Chatterbox

Crisis Over!

Now that anti-Bush 9/11 recriminations have died down, so, too, can the imminent risk of terrorist attack.

Last weekend, the Bush administration started putting out word that the nation was in imminent danger of another Sept.-11-style attack. On Saturday, the New York Times’ Web siteposted a panic-inducing story that Chatterbox guessed to be a leak from National Security Adviser Condoleezza Rice. It was the lead story on Page One on Sunday. That same day, Vice President Dick Cheney said on Fox News Sunday that “the prospects of a future attack on the U.S. are almost a certainty,” and on Meet the Press he said it was “[n]ot a matter of if, but when.” On Monday, FBI Director Robert Mueller said, “There will be another terrorist attack. We will not be able to stop it.” On Tuesday, Defense Secretary Donald Rumsfeld said, “We do face additional terrorist threats. And the issue is not if but when and where and how.”

The most shocking thing about this rhetoric was its fatalism. Chatterbox can’t recall any previous administration greeting the prospect of a terrorist attack on U.S. soil with so Gallic a shrug. The Bushies came perilously close to endorsing Warren Buffett’s nihilistic statement at a May 6 shareholder meeting: “We’re going to have something in the way of a major nuclear event in this country.” Buffett has no expertise on the subject of nuclear security; his remark was probably meant to assist his post-Sept.-11 campaign for the federal government to become guarantor of last resort on private insurance policies. (Buffett’s firm, Berkshire Hathaway, owns several insurance companies.) When Meet the Press host Tim Russert asked Cheney to comment on Buffett’s prediction, he replied, “I can’t say that. I would not go that far.” Two days later, though, Rumsfeld told a Senate appropriations subcommittee:

[W]e have to recognize that terrorist networks have relationships with terrorist states that have weapons of mass destruction, and that they inevitably are going to get their hands on them, and they would not hesitate one minute in using them. That’s the world we live in.

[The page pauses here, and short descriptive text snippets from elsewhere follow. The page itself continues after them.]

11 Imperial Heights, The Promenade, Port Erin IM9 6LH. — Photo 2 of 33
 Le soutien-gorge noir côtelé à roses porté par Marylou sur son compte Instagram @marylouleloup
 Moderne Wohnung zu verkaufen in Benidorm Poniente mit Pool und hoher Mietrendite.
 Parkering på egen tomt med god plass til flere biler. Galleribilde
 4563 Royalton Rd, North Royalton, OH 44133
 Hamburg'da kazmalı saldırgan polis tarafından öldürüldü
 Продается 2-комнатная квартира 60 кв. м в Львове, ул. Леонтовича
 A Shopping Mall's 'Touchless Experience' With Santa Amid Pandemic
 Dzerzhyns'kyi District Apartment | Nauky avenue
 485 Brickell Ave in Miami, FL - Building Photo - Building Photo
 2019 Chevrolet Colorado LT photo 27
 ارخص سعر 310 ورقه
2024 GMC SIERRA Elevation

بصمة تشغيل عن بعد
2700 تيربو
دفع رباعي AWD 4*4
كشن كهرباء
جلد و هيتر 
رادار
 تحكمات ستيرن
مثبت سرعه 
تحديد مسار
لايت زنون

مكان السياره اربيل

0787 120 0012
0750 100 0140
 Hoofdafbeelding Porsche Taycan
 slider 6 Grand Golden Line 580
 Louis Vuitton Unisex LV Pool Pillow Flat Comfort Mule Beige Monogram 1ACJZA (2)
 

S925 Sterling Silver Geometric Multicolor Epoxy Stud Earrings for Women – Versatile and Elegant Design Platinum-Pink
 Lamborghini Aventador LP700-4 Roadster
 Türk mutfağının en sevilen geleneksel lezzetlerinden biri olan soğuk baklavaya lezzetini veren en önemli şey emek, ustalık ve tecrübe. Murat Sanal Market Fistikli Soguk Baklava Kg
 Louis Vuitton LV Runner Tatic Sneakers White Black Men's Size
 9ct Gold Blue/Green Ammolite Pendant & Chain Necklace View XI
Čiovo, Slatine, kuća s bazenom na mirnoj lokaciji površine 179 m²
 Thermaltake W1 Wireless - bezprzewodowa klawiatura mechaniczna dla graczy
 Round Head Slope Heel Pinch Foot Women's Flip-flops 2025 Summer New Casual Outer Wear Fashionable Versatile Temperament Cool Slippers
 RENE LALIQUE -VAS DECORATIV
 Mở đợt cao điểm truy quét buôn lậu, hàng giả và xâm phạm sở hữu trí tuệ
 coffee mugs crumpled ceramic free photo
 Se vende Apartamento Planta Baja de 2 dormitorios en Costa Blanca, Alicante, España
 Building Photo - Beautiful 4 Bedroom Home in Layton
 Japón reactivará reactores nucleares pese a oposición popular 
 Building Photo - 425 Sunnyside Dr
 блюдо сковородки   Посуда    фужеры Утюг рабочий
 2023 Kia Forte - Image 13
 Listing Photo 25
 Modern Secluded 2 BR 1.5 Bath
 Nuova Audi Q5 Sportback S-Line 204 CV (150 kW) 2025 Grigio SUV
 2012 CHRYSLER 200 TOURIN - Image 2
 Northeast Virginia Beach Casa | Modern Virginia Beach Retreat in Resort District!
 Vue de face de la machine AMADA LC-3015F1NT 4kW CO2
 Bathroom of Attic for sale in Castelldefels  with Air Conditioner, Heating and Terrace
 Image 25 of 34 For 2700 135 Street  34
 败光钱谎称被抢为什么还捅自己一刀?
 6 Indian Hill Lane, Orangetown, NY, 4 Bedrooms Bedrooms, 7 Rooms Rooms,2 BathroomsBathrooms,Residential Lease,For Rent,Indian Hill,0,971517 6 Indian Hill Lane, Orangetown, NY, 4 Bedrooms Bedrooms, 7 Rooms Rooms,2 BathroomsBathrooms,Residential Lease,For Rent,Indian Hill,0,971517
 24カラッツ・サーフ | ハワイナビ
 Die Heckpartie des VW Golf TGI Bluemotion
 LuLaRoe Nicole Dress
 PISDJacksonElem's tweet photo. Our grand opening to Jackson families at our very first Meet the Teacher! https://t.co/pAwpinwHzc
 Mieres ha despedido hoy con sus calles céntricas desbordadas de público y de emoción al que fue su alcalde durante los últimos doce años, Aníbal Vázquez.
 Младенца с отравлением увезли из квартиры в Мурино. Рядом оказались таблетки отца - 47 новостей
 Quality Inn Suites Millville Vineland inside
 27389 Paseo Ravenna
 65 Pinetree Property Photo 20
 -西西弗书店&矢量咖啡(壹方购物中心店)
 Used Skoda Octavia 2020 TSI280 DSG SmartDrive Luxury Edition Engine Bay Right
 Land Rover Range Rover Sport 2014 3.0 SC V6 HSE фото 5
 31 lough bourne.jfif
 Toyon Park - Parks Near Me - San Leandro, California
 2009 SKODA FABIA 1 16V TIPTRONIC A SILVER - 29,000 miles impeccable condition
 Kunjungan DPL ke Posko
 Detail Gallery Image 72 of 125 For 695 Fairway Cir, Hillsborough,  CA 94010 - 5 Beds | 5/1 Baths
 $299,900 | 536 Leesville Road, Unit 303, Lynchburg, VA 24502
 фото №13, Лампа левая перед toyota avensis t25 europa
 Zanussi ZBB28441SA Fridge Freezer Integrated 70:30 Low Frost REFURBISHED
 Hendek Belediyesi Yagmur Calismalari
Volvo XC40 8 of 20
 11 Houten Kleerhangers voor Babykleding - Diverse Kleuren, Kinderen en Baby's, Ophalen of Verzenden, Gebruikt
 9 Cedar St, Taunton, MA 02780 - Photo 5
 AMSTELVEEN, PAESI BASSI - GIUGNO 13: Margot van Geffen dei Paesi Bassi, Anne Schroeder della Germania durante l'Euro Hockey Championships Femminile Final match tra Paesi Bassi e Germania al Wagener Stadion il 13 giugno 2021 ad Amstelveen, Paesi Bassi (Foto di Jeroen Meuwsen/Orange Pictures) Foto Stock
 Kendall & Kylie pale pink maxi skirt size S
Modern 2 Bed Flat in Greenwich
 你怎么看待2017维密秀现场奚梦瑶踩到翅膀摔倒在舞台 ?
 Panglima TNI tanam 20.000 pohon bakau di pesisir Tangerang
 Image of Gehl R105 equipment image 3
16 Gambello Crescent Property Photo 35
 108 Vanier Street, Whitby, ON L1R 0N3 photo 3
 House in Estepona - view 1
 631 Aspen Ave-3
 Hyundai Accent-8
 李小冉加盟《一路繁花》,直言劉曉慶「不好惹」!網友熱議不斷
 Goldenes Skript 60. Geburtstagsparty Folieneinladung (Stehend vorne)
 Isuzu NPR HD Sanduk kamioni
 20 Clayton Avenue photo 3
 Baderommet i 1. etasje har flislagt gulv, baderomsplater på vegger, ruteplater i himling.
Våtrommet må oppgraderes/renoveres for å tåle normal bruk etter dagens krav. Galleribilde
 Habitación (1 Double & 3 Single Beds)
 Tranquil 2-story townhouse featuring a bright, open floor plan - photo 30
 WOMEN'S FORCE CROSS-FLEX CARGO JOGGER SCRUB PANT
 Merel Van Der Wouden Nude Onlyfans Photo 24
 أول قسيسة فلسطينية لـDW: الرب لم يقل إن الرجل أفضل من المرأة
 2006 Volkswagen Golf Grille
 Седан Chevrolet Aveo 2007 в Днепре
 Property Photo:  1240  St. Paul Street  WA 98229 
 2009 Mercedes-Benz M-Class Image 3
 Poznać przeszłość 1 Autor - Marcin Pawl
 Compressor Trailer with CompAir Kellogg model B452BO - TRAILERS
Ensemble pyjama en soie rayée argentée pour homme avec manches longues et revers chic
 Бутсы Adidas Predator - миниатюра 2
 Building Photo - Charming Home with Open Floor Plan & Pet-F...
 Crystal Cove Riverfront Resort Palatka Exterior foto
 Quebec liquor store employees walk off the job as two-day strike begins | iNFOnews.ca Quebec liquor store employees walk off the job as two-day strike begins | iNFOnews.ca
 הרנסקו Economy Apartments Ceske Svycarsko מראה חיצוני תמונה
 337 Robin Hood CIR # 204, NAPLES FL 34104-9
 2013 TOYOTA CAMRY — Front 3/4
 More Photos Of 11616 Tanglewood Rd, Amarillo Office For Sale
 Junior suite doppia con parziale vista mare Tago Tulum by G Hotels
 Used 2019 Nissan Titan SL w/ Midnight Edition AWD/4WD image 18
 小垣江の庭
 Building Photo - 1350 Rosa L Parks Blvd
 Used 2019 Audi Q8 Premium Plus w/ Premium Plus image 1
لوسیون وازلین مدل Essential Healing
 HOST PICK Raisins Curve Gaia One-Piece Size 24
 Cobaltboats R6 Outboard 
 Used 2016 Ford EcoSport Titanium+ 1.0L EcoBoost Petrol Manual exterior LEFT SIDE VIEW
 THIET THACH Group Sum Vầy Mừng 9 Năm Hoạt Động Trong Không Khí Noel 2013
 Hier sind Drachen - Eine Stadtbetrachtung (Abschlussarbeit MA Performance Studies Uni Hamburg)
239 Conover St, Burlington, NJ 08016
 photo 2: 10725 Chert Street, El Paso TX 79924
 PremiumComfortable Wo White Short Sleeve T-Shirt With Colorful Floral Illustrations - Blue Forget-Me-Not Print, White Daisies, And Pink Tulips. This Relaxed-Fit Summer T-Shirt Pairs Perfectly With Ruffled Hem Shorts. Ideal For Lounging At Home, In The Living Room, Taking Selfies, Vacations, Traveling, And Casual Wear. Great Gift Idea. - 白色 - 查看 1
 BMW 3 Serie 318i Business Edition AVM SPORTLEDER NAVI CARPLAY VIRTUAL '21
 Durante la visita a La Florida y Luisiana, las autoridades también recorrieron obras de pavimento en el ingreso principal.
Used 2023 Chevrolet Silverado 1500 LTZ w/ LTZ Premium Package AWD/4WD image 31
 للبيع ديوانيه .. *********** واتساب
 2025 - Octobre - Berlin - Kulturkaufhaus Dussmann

The likely motivation behind all this fatalistic talk was the need to halt growing criticism (much of it unfair) about the Bush administration’s failure to heed warning signs prior to Sept. 11. It worked. The “Could Bush Have Prevented 9/11” stories have largely abated (except for the stories about the FBI’s handling of the July 10 Phoenix memo, which grow more damaging by the day). In their place, we got “We’re All Going To Die” stories and a growing anxiety among Democratic strategists that anti-Bush 9/11 recriminations won’t play well in November. The panic stories now seem to be cresting, in part because the White House likely fears that it let things get out of control. Chatterbox’s evidence for this last assertion is an interview President Bush gave yesterday to European newspaper and magazine reporters. In it, Bush seemed to be saying that, contrary to what Cheney, Mueller, and Rumsfeld have been hollering about, there’s no basis for believing that the country now faces an elevated risk of terrorist attack:

Q: Mr. President, the warnings which have been issued in the last days about terrorist threat, including what the Vice President said on Sunday, is it a kind of general notice to the American people that they must stay vigilant in the demands on the U.S. front? Or does it point out to any specific and imminent threat?A: The FBI Director yesterday, I talked to him—he comes in every morning, by the way. So this subject, he came up this morning. He was talking about, he was speculating based upon a lot of intelligence that indicates that the al Qaeda is active, plotting, planning, you know, trying to hit us. So he was speculating. He basically said, look, I wouldn’t be surprised if there is another attack, and it’s going to be difficult to stop them, is what he said. The Vice President also reflected that attitude. Now, if and when we have a specific threat, you know, we—in other words, if I were to tell you that I know that there’s a—thinking about an attack on a certain moment at a certain place, we would deal with that in a way that would obviously harden that site. We would put our assets in place to prevent that from happening. I doubt there’d be a lot of publicity.

Note the repetition of the word “speculative,” the absence of the word “inevitable,” and Bush’s failure to cite heightened “chatter” or “noise” among intelligence sources about a new attack. If such a spike really occurred, Bush has decided no longer to dwell on it. Our brief national rhetorical nightmare is over.